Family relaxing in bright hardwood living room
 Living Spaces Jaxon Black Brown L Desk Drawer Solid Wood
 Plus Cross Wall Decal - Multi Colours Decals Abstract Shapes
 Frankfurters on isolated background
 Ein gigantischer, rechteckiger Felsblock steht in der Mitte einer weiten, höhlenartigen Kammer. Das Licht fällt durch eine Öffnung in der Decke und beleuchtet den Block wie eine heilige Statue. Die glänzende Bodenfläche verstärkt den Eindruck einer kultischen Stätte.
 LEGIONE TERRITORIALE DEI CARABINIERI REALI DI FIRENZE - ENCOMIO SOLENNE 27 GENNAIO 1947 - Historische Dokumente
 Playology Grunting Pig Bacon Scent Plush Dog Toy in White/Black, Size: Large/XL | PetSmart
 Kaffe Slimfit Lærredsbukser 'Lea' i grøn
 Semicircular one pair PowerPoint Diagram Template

══════════

Work instruction » Each line of the material must be copied exactly.

Exercise answer »
Family relaxing in bright hardwood living room
 Living Spaces Jaxon Black Brown L Desk Drawer Solid Wood
 Plus Cross Wall Decal - Multi Colours Decals Abstract Shapes
 Frankfurters on isolated background
 Ein gigantischer, rechteckiger Felsblock steht in der Mitte einer weiten, höhlenartigen Kammer. Das Licht fällt durch eine Öffnung in der Decke und beleuchtet den Block wie eine heilige Statue. Die glänzende Bodenfläche verstärkt den Eindruck einer kultischen Stätte.
 LEGIONE TERRITORIALE DEI CARABINIERI REALI DI FIRENZE - ENCOMIO SOLENNE 27 GENNAIO 1947 - Historische Dokumente
 Playology Grunting Pig Bacon Scent Plush Dog Toy in White/Black, Size: Large/XL | PetSmart
 Kaffe Slimfit Lærredsbukser 'Lea' i grøn
 Semicircular one pair PowerPoint Diagram Template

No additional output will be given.